▸ Exercise
Output the data below only from the line containing "Bedroom with pillows, jacket, hat, bag, headphones, wooden" up to and including the line containing "Students on their laptops in class", exact and with the pictures left out.

▸ Extracted entries

*** Block opens ***

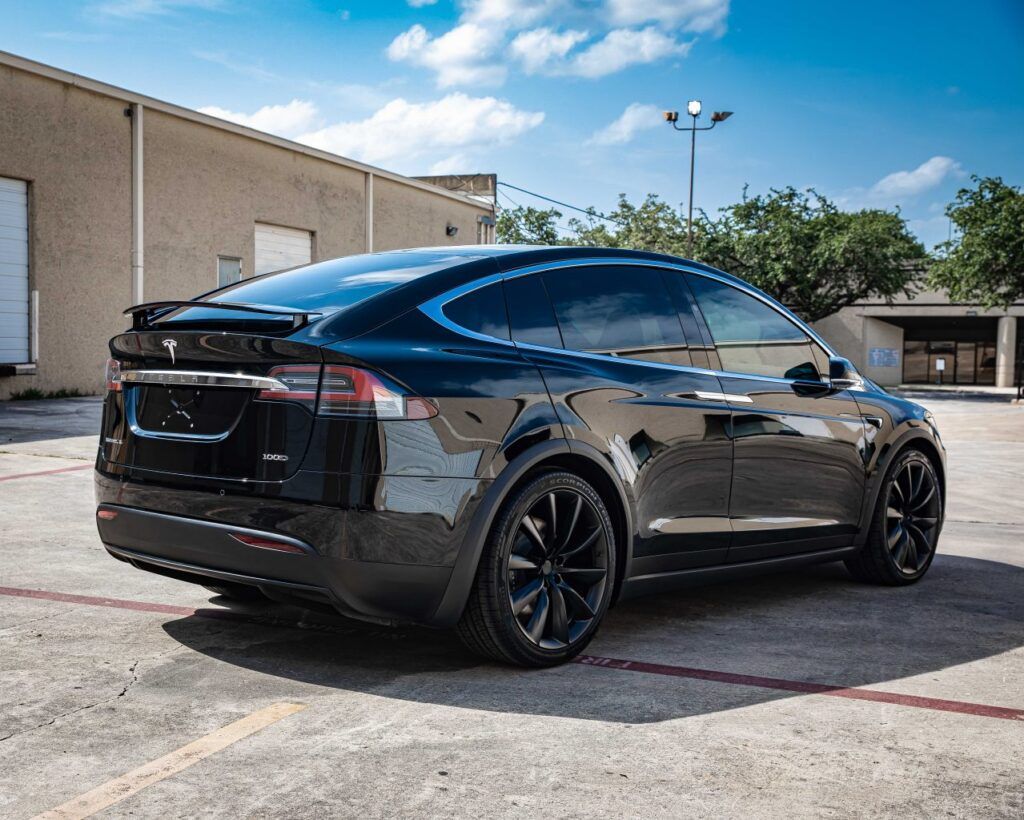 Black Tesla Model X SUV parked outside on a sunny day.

*** Block closes ***
*** Block opens ***

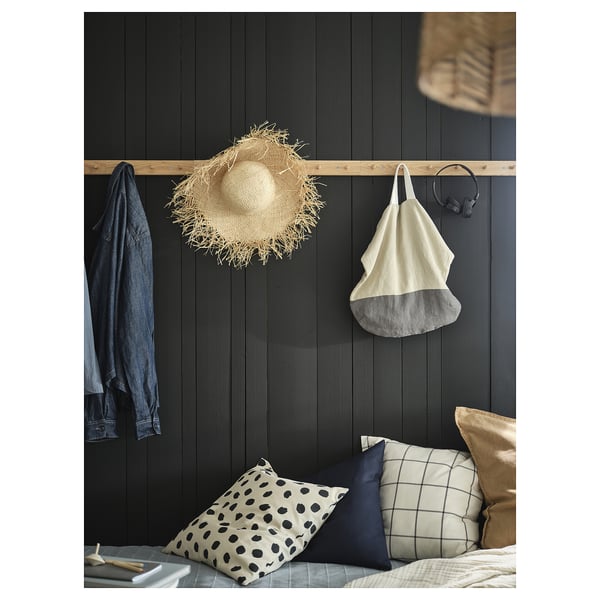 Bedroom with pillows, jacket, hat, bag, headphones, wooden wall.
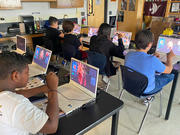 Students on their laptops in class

*** Block closes ***

▸ Task solution
 Bedroom with pillows, jacket, hat, bag, headphones, wooden wall.
 Students on their laptops in class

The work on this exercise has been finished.